THE PROBLEM: Apart from the pictures, every entry below should be repeated exactly.

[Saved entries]
======

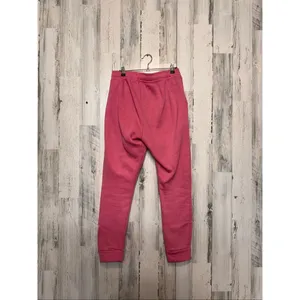 Champion Pink Fleece Jogger Sweatpants Women's Medium thumbnail 3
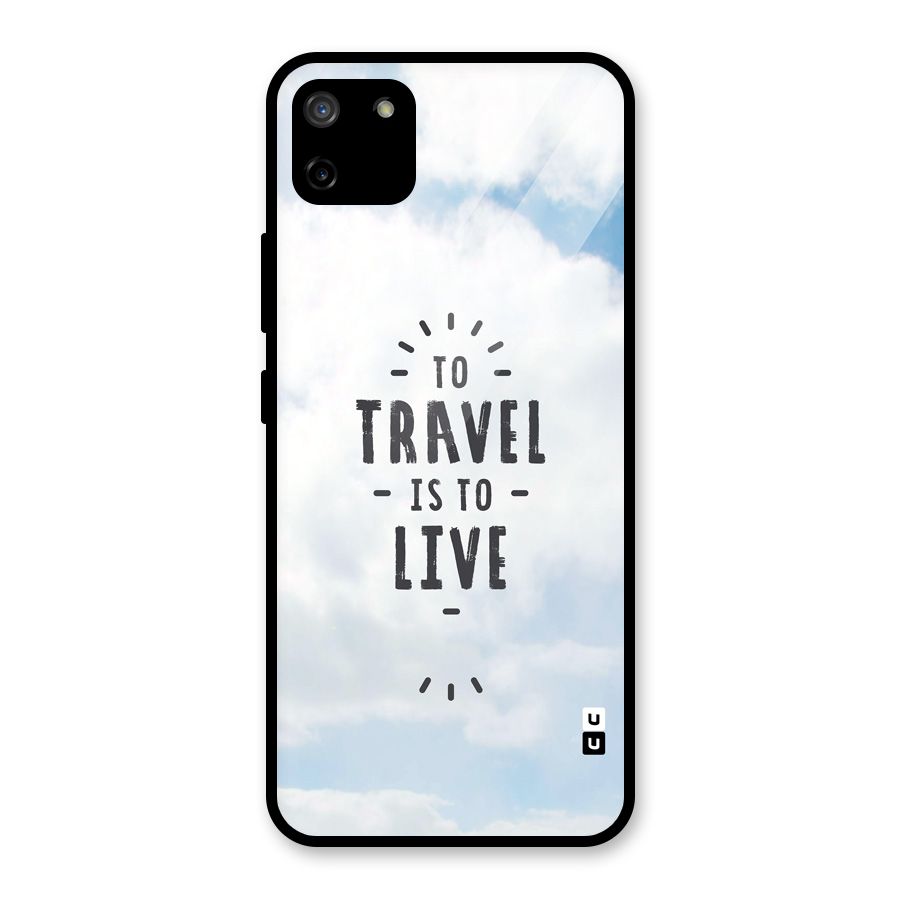 Travel is Life Glass Back Case for Realme C11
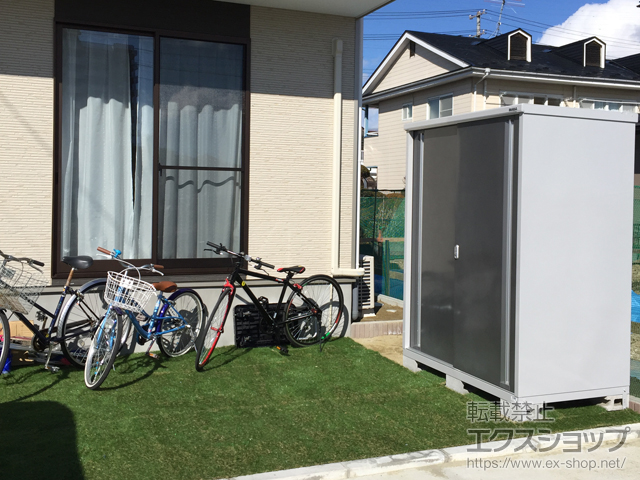 宮城県仙台市のの物置・屋外倉庫 シンプリー 一般型 1520×905×1903 MJX-159E-P-PG 施工例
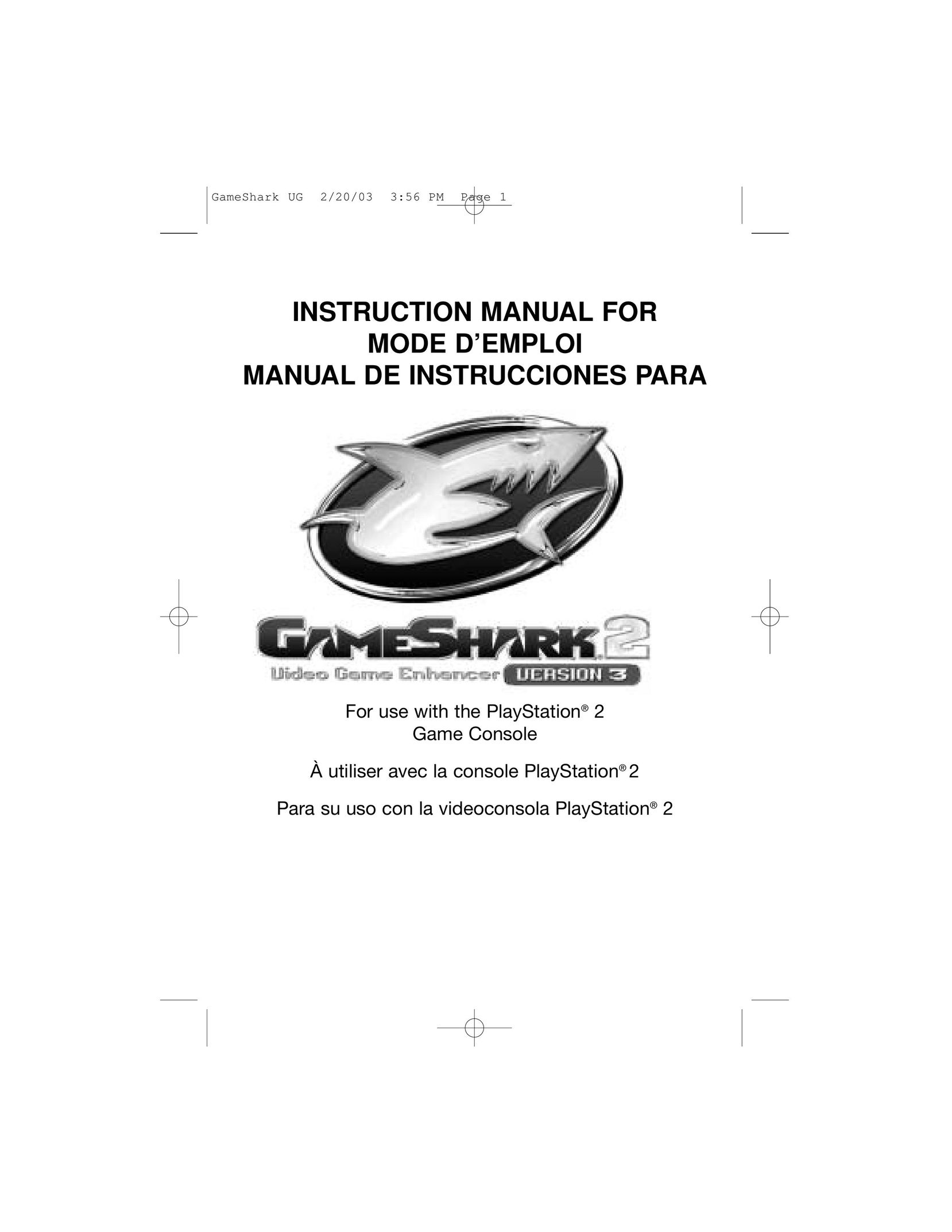 Mad Catz GameShark 2 Games User Manual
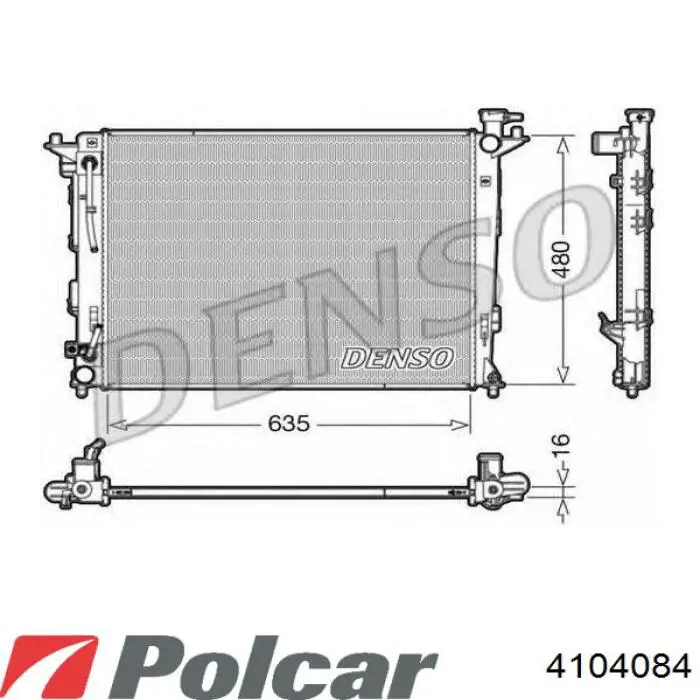 4104084 Polcar радіатор охолодження двигуна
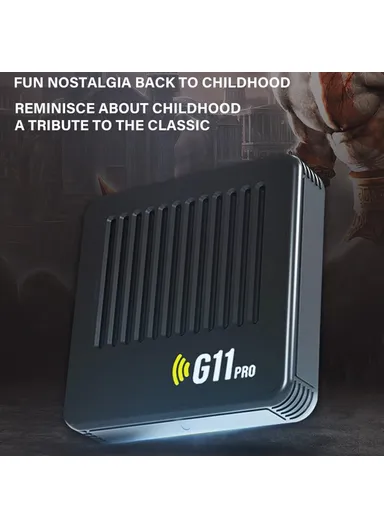 Game Console HD TV Box Dual System Android 9.0 128GB Storage G11 Pro+ - EU Plug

======

WRITTEN ANSWER:
 Champion Pink Fleece Jogger Sweatpants Women's Medium thumbnail 3
 Travel is Life Glass Back Case for Realme C11
 宮城県仙台市のの物置・屋外倉庫 シンプリー 一般型 1520×905×1903 MJX-159E-P-PG 施工例
 Mad Catz GameShark 2 Games User Manual
 4104084 Polcar радіатор охолодження двигуна
 Game Console HD TV Box Dual System Android 9.0 128GB Storage G11 Pro+ - EU Plug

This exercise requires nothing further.